-- Prompt --
Straight copy, no pictures: transcribe each entry as it stands.

-- Data provided --
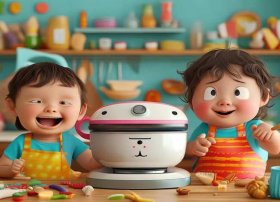 搅拌机的故事儿童；搅拌机的故事幼儿故事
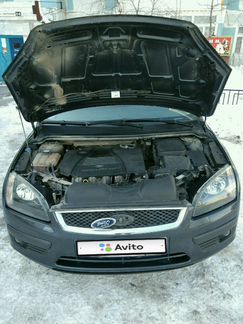Ford Focus 2.0 МТ, 2007, 127 000 км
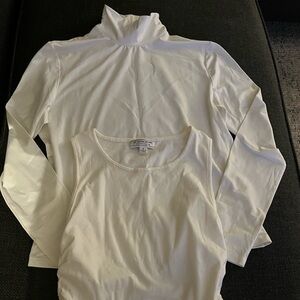 St John Sport by Marie Gray Two Women’s Tops-Bundle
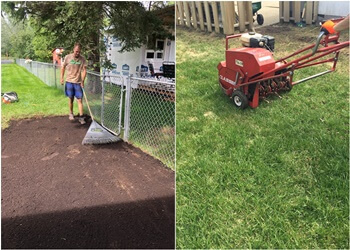 Thunder Bay Service D'Entretien De Pelouse Marco's Mowing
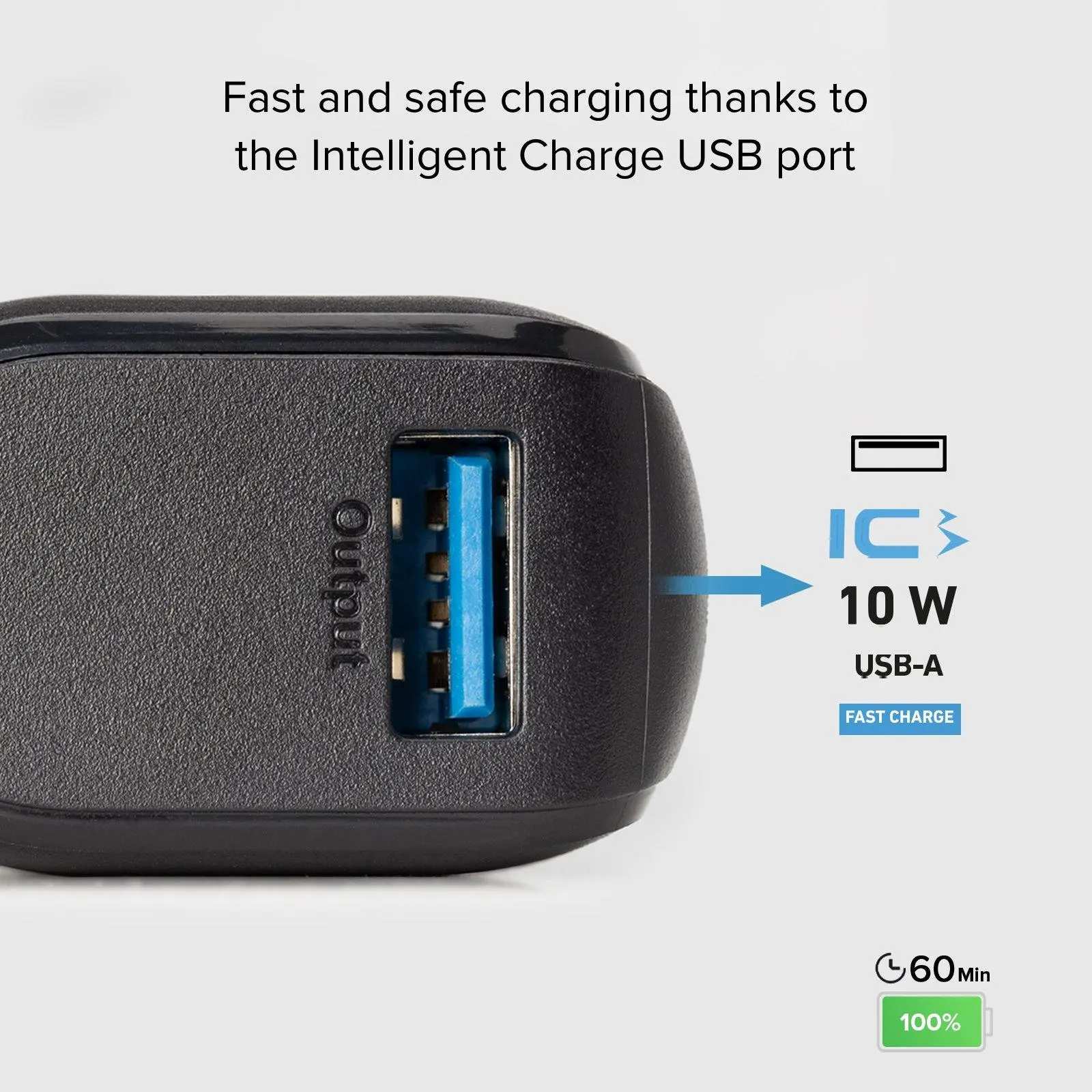 Powerbank SBS TTBB5000MINIK NanoTube 5000mAh 10W Czarny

-- Solved problem --
 搅拌机的故事儿童；搅拌机的故事幼儿故事
Ford Focus 2.0 МТ, 2007, 127 000 км
 St John Sport by Marie Gray Two Women’s Tops-Bundle
 Thunder Bay Service D'Entretien De Pelouse Marco's Mowing
 Powerbank SBS TTBB5000MINIK NanoTube 5000mAh 10W Czarny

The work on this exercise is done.